Le sous-titre de ce livre explicite l’objectif de l’auteure : montrer comment un quartier de la ville de Québec, Saint-Roch, situé dans la Basse-Ville près de la rivière Saint-Charles, a été en fait conçu comme un centre-ville et a évolué en tant que tel. L’ouvrage vise tout d’abord à donner du sens à l’histoire et à la géographie de ce quartier, en enrichissant et actualisant les données anciennes, en réorganisant des informations existantes, en intégrant les résultats de travaux en cours : naît alors un nouveau point de vue, au sens propre et figuré, sur l’histoire de la ville de Québec.

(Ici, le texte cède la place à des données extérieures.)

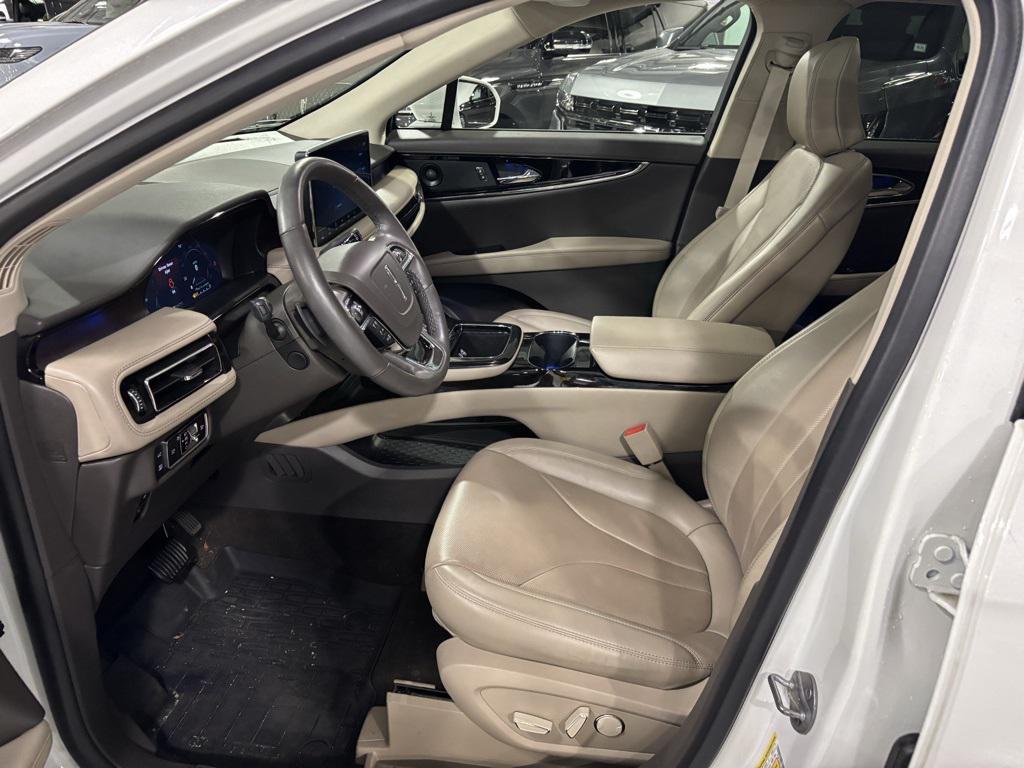 used 2023 Lincoln Navigator car, priced at $71,982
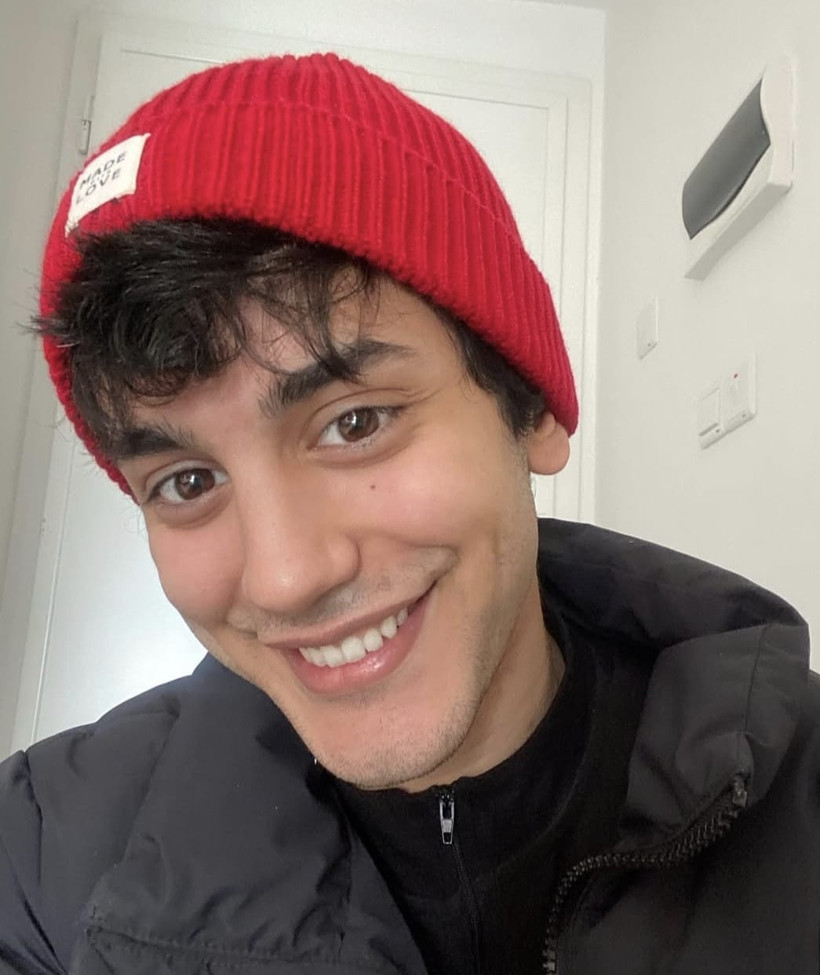 Ünlü Oyuncu İbrahim Yıldız Devrilen Ağacın Altında Kaldı, Durumu Ağır… Hastanede Ölüm Kalım Savaşı Veriyor - Resim : 2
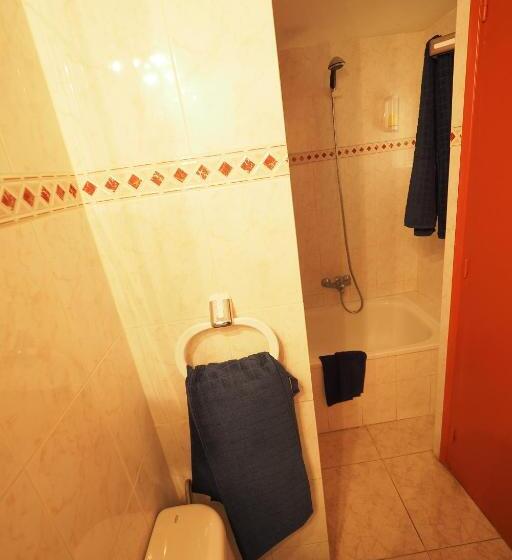 Номер Стандарт Трехместный, Montserrat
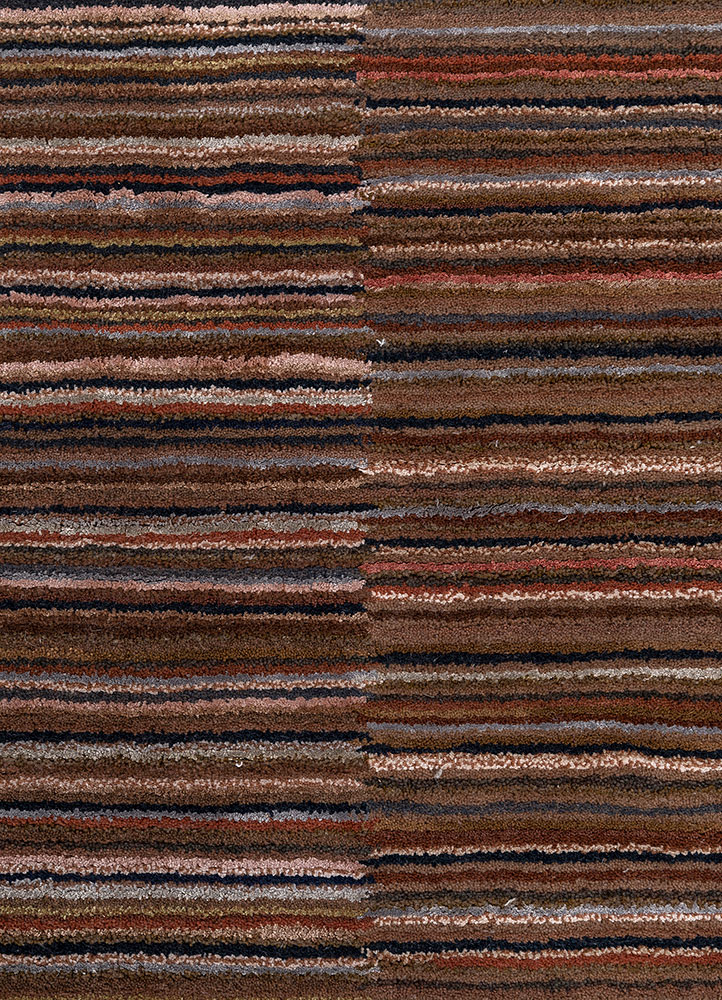 linear red and orange wool and viscose hand tufted Rug - CloseUp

Lucie Morisset, en présentant ici l’aboutissement de travaux entrepris lors de recherches post-doctorales en architecture, en collaboration avec la Ville de Québec et de nombreuses archives, montre également à quel point le paysage urbain d’aujourd’hui porte les traces du passé et la façon dont le paysage bâti et le parcellaire contribuent à témoigner d’une mémoire de la ville et, au-delà, à peser sur son devenir.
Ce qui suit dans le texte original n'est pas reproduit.